Most men walk around with trust issues, as if nothing is wrong. They don’t trust other men, don’t open up, and assume that every guy is out to backstab them the second they turn their back. And if you’ve been burned before, it leaves you on high alert and protective. But if you want real brotherhood, real loyalty, and a circle of men you can count on, you need to change your mindset.
Trust isn’t something you hope for; it’s something you build, test, and prove.
This week, Zac Small and I collaborated as we do each week and wrote a post on the importance of Trust as a parent. Check it out here:
Stop Trusting Too Fast, But Don’t Shut Everyone Out
Trust isn’t about blind faith; it’s about evidence. Too many guys either trust too easily and get betrayed, or they trust no one and isolate themselves. What is the right move? Vet people, put other men to the test. Watch how they handle stress, how they talk about others, and whether they follow through on their word.
Give trust where it’s earned. Not before, not out of desperation, and not because someone says the right things. Action over words!
Be Consistent And Demand The Same
Trust isn’t about big, dramatic gestures. It’s built in the small, everyday things. If you say you’ll be somewhere, be there. If you make a promise, keep it.

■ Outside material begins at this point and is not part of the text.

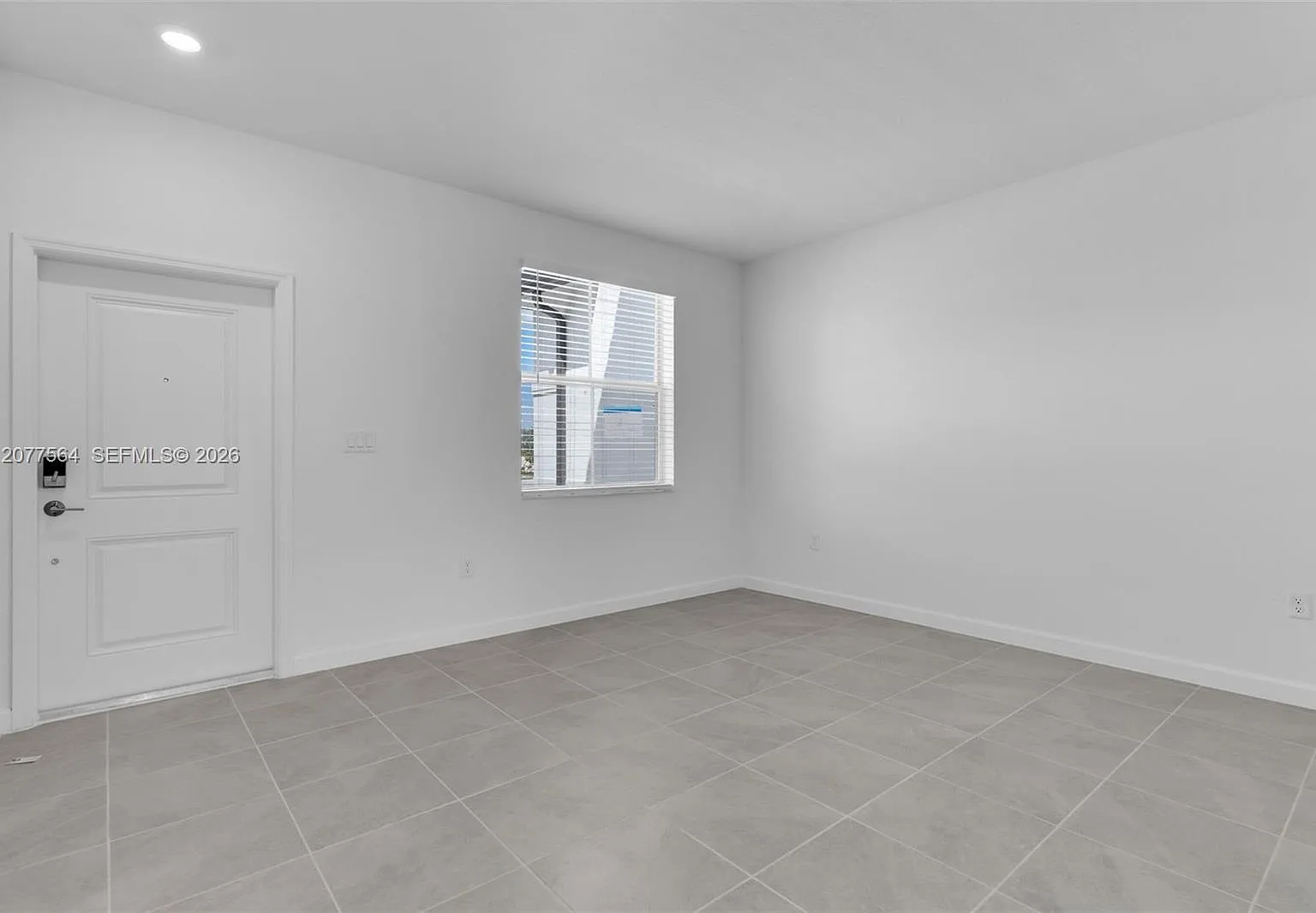 3 bed, 2.5 bath, 1483 sqft, $2,400 — Photo 4
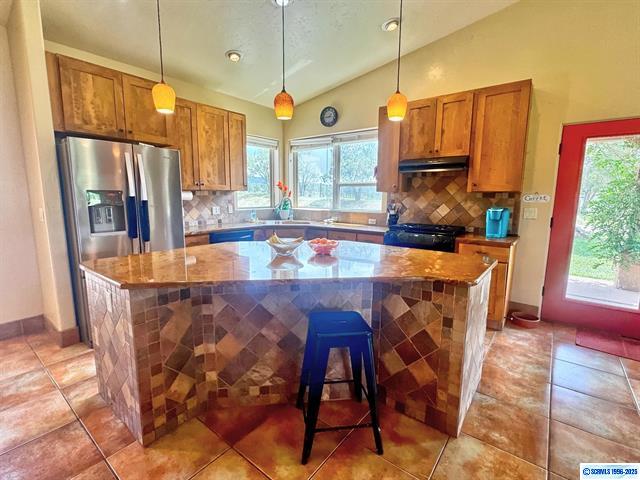 Mimbres, New Mexico, 88049, United States, 2 Bedrooms Bedrooms, ,Residential,For Sale,1931882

If you expect loyalty, give it. If another man isn’t consistent and doesn’t honor your code, cut him loose.
You can’t trust a fake. You can’t trust a liar. You can’t trust a guy who’s different depending on who he’s around. If he’s inconsistent, he’s unreliable and if he talks shit about others in your company you better belive he talks that way about you.
Risk Is Necessary, But It Should Be Calculated
Men with trust issues want guarantees before opening up, but that’s not how it works. Trust always carries some risk, but you control how much. Start small, share something minor, and let your guard down. See if it stays private. Give a little responsibility. Watch how he handles it.
If a guy shows he can be trusted in small ways, you can bet he’ll handle bigger things well. But if he fumbles the little things, he’ll screw up when it really matters. Pay attention to who you let into your life. This has more to do with your standards than the capabilities of that man.
Trust Is A Two-Way Street
If you want loyalty, give loyalty. You want honesty, be honest. You can’t demand trust while keeping everything about yourself locked up. That doesn’t mean spilling your guts to every dude you meet. It means being real when it counts.
Don’t be the guy who expects deep friendships but won’t offer the same in return. Be reliable, be straight-up, and don’t tolerate men who can’t do the same. Letting other men see the real you allows for real connection and brings awareness to things you must address.
Handle Conflict Like A Man
Nothing ruins male friendships faster than cowardice when conflict arises. Too many men either avoid issues or blow up over stupid shit. Real trust grows through honesty and resolution. If there’s a problem, bring it up directly. No passive-aggressive nonsense, no silent treatment, and no fake smiling while you secretly hate the guy.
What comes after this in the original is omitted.